Discriminating Crohn's disease (CD) from gastrointestinal tuberculosis (GITB) is a
major challenge in TB endemic regions. Not only do these chronic granulomatous diseases
share overlapping clinical, endoscopic, and imaging findings, the histopathological
features are also similar.[1] The diagnosis is often unclear even after exhausting all available diagnostic modalities
including histology and microbiological evaluation. Therefore, misdiagnosis is expected
and does happen in a subset of patients even after extensive evaluation.[2] The clinical decision making in such patients where the diagnosis is unclear (after
histopathological and microbiological tests including tissue culture and polymerase
chain reaction-based tests) is fraught with risks.

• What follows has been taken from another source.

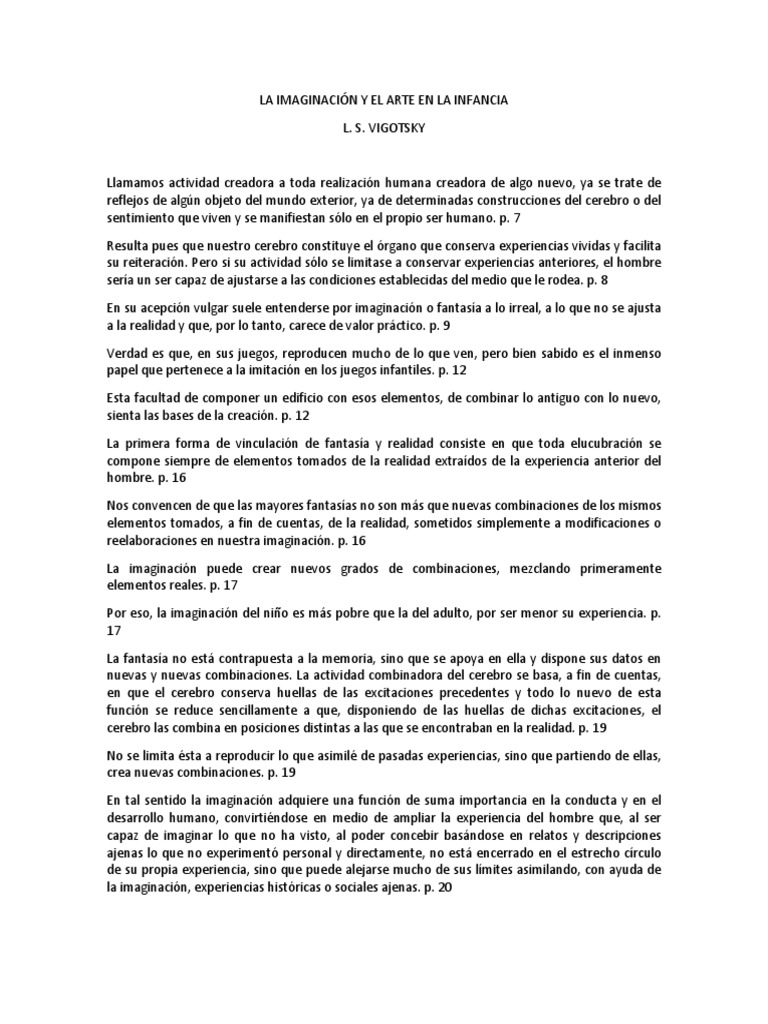 Imaginación y arte en la infancia | PDF | Realidad | Homo Sapiens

The standard approach in TB endemic regions has been the use of a trial of antitubercular
therapy (ATT), except in few patients who warrant a surgical intervention ([Fig. 1]).[3] This approach has its benefits: an ATT trial with clear objective end-points in
the form of an endoscopic mucosal response, a limited duration of therapy before assessing
response, and lack of exacerbation of underlying CD in cases of misdiagnosis ([Fig. 1]). However, there are some risks including adverse effects from ATT including drug-induced
liver injury. Some studies have also suggested that a delay in diagnosis due to prolonged
ATT may increase the risk of stricturing complications and potentially increase the
need for surgical intervention.[4]
[5] However, multiple reports suggest that mucosal response (healing of ulcers) is detectable
as early as after 2 months of ATT. Therefore, the delay in the detection and treatment
of CD is avoidable by repeating an ileocolonoscopy at 2 months in all such patients
irrespective of presence or absence of clinical response.[6]
[7]
Fig. 1 Suggested therapeutic approach in patients with a diagnosis confusion between intestinal
tuberculosis and Crohn's disease (CD) in tuberculosis (TB) endemic regions.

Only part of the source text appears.